A severe drought is affecting the area, so only the most essential connections can be sustained by the fungus. What is the shortest total distance that the mycorrhizal network needs to spread itself across, while still making sure that every plant is connected to every other one?

We need to find the minimal spanning tree. This particular network has 416 spanning trees, which one is minimal? To add up all their weights is going to take a very long time.

Instead, we’re going to use a procedure called Prim’s Algorithm to find the minimal spanning tree without having to find all the spanning trees. The algorithm was first created by Vojtech Jarník, a Czech mathematician, in 1930. Both Robert Prim (in 1957) and Edsger Dijkstra (in 1959) independently rediscovered it, though Prim’s work popularised its use.

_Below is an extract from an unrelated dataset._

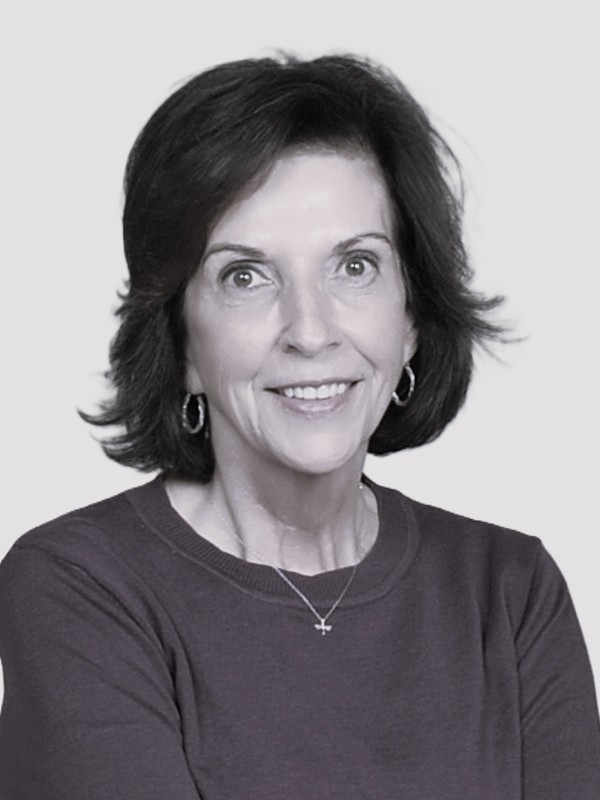 Barb Bridger, Sr. VP of Human Resources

This image shows a weighted network. Ask your teacher for more information.

We begin by picking a vertex, any vertex will do. Let’s say we pick F. We then highlight the lowest weight edge coming out of F.

We then add this edge, and the vertex on the other side, to our spanning tree.

This image shows a weighted network. Ask your teacher for more information.

Then we do the same thing again. Highlight the edge of lowest weight coming out of our spanning tree.

The vertex F was just a starting point - the lowest weight edge connected to the spanning tree comes out of E, now.

We then add that edge, and its vertex, to the spanning tree.

This image shows a weighted network. Ask your teacher for more information.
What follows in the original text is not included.